Meghna learns from seasoned, cynical agents and C-list models, that the only way to get her foot in the door is a wealthy patron. Meghna takes up with the CEO of a major modeling agency, Mr. Sarin, and becomes his mistress. A luxury high-rise apartment in Mumbai’s exclusive Bandra soon follows as does a succession of shows and advertising contracts. Predictably, the ascent to success alienates her from her friends and family (there’s a relevant scene, where Meghna’s provincial, religious aunt throws her out of the house for modeling lingerie in a magazine).
Echoes of Robert Altman’s Pret-a-Porter and Susann’s Valley of the Dolls are redolent in this Horatio Alger story of a young woman from the provinces and her relentless mission to succeed, only to fall into addiction and self-doubt. Meghna’s moral compromise serves as a way to explore the way vulnerable young women, desperate for fame, expensive clothes, and independence (a luxury for many women in India), stumble into all sorts of abusive relationships for advancement, only to be shafted when they pass their 20s. The emptiness of celebrity, the meaningless behind the flash and the glamour is what Bhandarkar is aiming at here: fashion as a sleek disposable commodity, easily digested then easily forgotten.
Some strong actors shine: Priyanka Chopra proves she has a talent of tapping into a character, where she evolves from a callow small-town girl who winces when she drinks wine to the world-weary bitch the public envisions supermodels to be. Samir Soni as a closeted gay designer drifting into compromise gives a sensitive, adept performance, the tragically underused actress, Kitu Gidwani (who shined in Earth 1947) dazzles the screen whenever she briefly appears as an arch, sophisticated agent, Mugdha Godse as a gravely-voiced veteran model, and Kangana Raut as the damaged beauty, brings depth to the clichéd role of a self-destructive model.
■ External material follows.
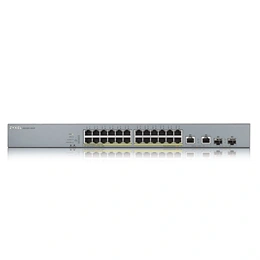 ZYXEL GS1350-26HP 24-port Gigabit rack switch (menedzselhető, 24x PoE, 2x Gigabit kombó SFP, 375W PoE)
Seeing Fashion, it’s sometimes easy to forget that India as a developing country, with nearly a half of the population living below the poverty level of less than a dollar a day, and nearly 150,000 people illiterate. Many women have no access to birth control or income-earning potential, and subject to arcane customs of arranged marriages and dowries. So, to see the women in this movie, independent, financially and sexually, is an image of a different India. India’s middle and upper classes are consuming goods at an unprecedented rate. The film’s sponsors include Sunsilk shampoo and Jimmy Choo, a reminder that even a film about exploitation and abuse in the fashion industry can be used as a two-hour ad for high-end products. Fashion is an entertaining look at one of the paradoxes of India - an inability to reconcile wealth with poverty, like the lithe, designer-clad socialites who shop at the Dolce and Gabbana boutique, whose oversized sunglasses block out the crippled beggar and ragged child huddling outside the store.